Basterebbe soltanto la costatazione di palmare evidenza di più di 70 anni di pace per evidenziare il fatto che l’intuizione politica della Unione Europea come entità internazionale ha garantito per i suoi membri un lungo periodo di benessere, di crescita economica, di sviluppo scientifico e tecnologico.
Non a caso nel 2012 la UE è stata insignita del premio Nobel per la pace. Invece a qualche decennio di distanza dal trattato di Roma e da quello di Maastrict, il sogno di Altiero Spinelli, di quelli del “Manifesto di Ventotene” per intenderci, e di Alcide De Gasperi di una Unione Europea come il primo passo verso un governo mondiale, sembra allontanarsi.
Spinte sovraniste, isolazioniste, protezioniste minano dalle fondamenta quel progetto, che è innanzitutto un’Europa dei popoli prima che un’organizzazione economica, e che quindi dipende fondamentalmente dal livello di condivisione dei cittadini che ne fanno parte. E’ chiaro anche che una siffatta condizione non si può soltanto “indurre dall’alto” come una “fusione a freddo”, insomma costruendo un prodotto di laboratorio: deve provenire “dal basso”, dai cittadini.
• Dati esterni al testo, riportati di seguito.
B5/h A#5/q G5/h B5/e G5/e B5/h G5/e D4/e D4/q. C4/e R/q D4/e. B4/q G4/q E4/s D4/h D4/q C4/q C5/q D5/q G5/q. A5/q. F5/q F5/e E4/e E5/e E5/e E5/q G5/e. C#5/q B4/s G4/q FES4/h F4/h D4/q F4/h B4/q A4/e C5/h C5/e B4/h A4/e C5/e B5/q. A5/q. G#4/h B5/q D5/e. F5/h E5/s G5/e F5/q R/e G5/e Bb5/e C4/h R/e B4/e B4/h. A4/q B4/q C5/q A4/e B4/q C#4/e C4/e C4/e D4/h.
E’ probabilmente anche attorno al tema del lavoro che va ricercato quell’ idem sentire che può costruire un nuovo progetto di Europa.
Ma seminando bene, gli effetti di una tale visione si potranno misurare soltanto dopo parecchi anni. Le ormai numerose “generazioni Erasmus”, la mobilità in generale dei giovani, gli eventuali stage lavorativi in Paesi UE diversi da quello di nascita, una migliore conoscenza delle lingue, muovono certamente in questa direzione. In senso opposto dirige invece la Brexit, le chiusure nazionaliste e conservatrici di certi Paesi dell’ est europeo, l’esasperata austerity imposta ad alcune altre nazioni, l’euro-scetticismo che matura come frutto acido all’interno di partiti marcatamente ad impronta populista.
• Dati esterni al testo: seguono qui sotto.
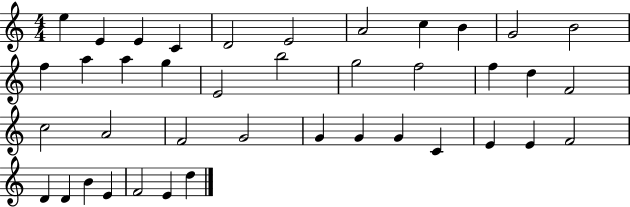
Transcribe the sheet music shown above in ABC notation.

X:1
T:Untitled
M:4/4
L:1/4
K:C
e E E C D2 E2 A2 c B G2 B2 f a a g E2 b2 g2 f2 f d F2 c2 A2 F2 G2 G G G C E E F2 D D B E F2 E d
La poca significanza della politica estera europea però non porta bene, non dimentichiamoci della Storia: l’attentato di Sarajevo e la conferenza di pace di Versailles, sono stati eventi a loro modo prodromici allo scatenarsi dei due pesanti conflitti mondiali novecenteschi. La chiusura protezionista dell’America di Trump, un certo “neo-zarismo” russo uniti a loro volta dallo stesso collante euro-diffidente, aggravano notevolmente il quadro di una possibile crescita federata per il Vecchio Continente.
Mentre l’elezione di Emmanuel Macron alla Presidenza della Repubblica di Francia può essere letta ambivalentemente sia in una chiave di speranza che di incertezza circa le sorti del progetto europeo.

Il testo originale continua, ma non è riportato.